I go in to the holding bay and it’s immediately obvious that I have never watched the series.  “Rough chick” means footballer’s girlfriend in a biker jacket.  Every other candidate looks better than I do on a night out.  The room is full of leather jeans, stillettos and glossy heads, bent over their two line mantras, rehearsing with complete focus.

 

They all look like me.  Better groomed but just like me; short, smiley, brunette, blue eyes.  It’s like walking into a room of half-animated clone robots, lips twitching, eyes inwards.  At first, I sense puke rising up my gullet and then the familiar fear that they’re all better than me.

 

And then something else.  I look at the script in the envelope which I haven’t even opened yet and just looking at it makes me feel totally different.

 

The envelope is sealed.  I don’t care about this job.

I don’t care about this job because I don’t care about acting anymore.

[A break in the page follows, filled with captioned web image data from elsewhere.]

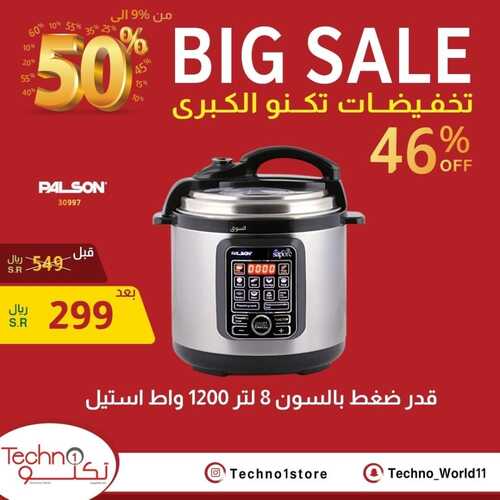 عروض تكنو الأسبوعية 19 يناير 2023 الموافق 26 جمادى الآخر 1444 هـ التخفيضات الكبرى 4 103482604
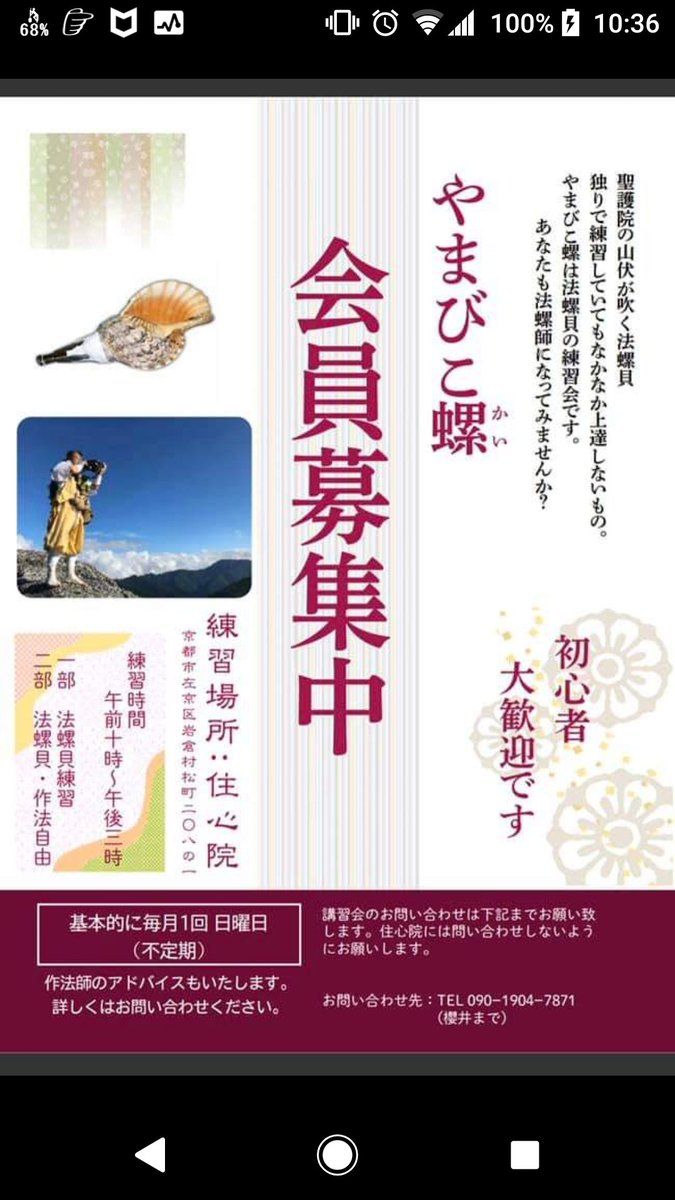 Miki Matsui 法螺貝って天台タイプと真言タイプがあるんですね 天台 ぶおーぶおーと吹くため唄口が長い 真言 ぶっぶっと短く吹くため唄口が短い あぁー法螺貝に関しては天台かなっ 法螺貝吹くの難しいんですよね いやね こんな楽しそうなものを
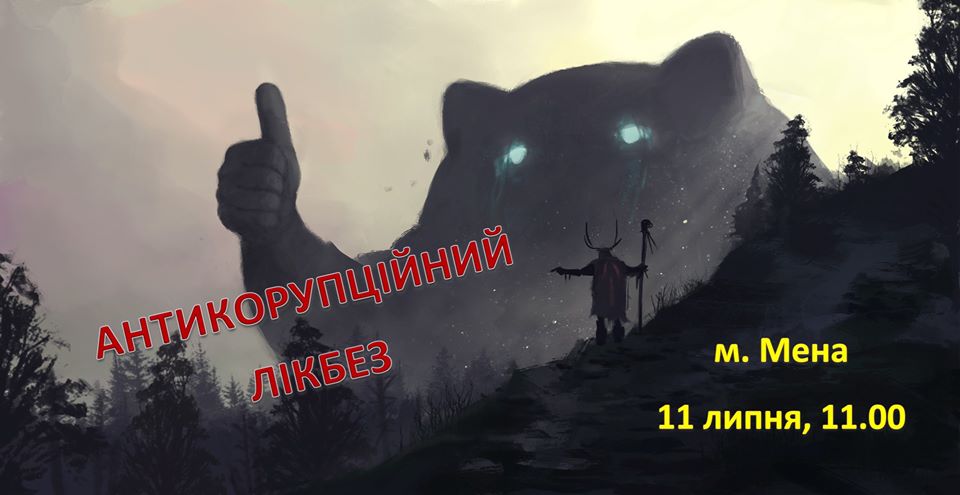 АНОНС. У Мені відбудеться антикорупційний лікбез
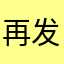 再发脾气就跳楼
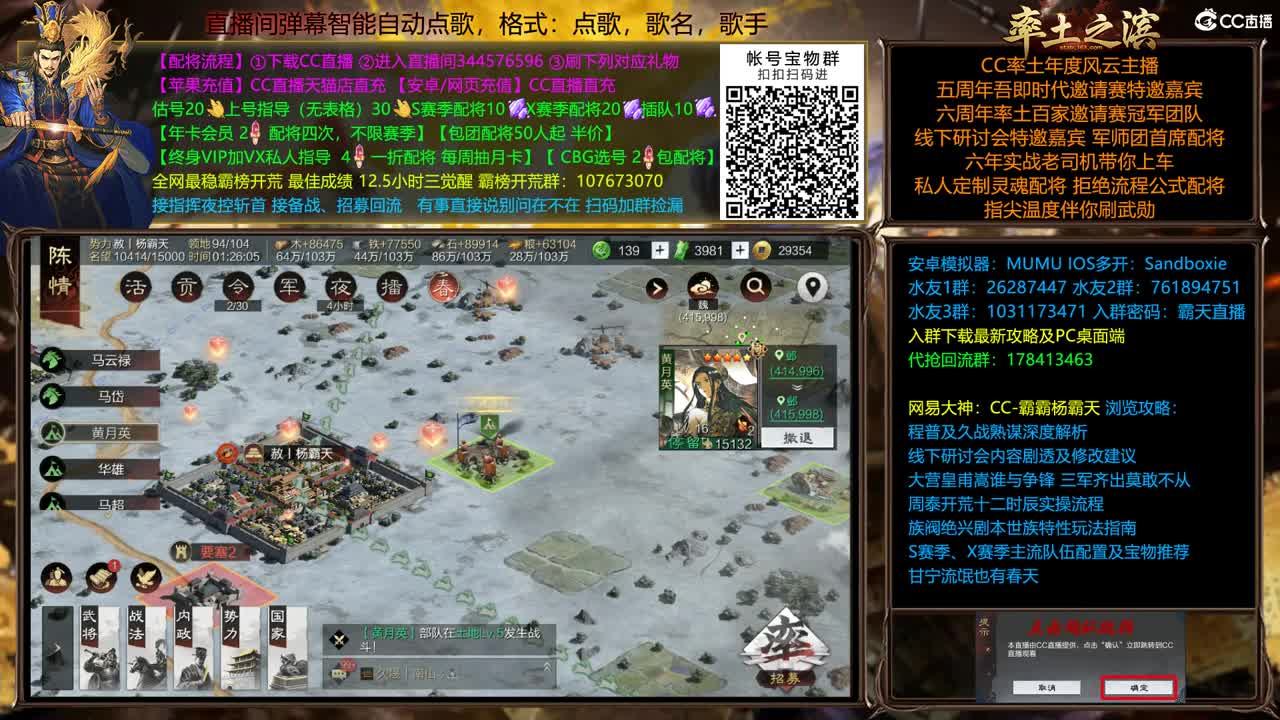 新春配将全场半价圆梦红颜卡包 第7段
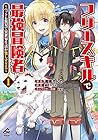 フリースキルで最強冒険者 ～ペットも無双で異世界生活が楽しすぎる～ 第1巻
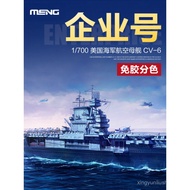Kapal Pemasangan MENG Model 3G PS-005 Pemisahan Warna Tanpa Gam USS Enterprise Pengangkut Pesawat CV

I don’t care about acting anymore because I don’t like how it makes me feel.

 

Boom!  The moment carpet; the million disappointing auditions, unread letters, earnest headshots, fatuous courses, half baked fringe projects, rude directors of limited talent, fluffed accents, straightfaced bullshitting, just to get through the door.  I don’t like it!  I don’t have to like it!  I go in for the audition.  I don’t get the job.  The next day, I quit my agent and do something else.

 

Years later with no regrets.  Life is truly more creative now then when I was working as a ‘creative’ and is 100 times more fulfilling.

 

That TV series is still running, though, but I still haven’t watched it.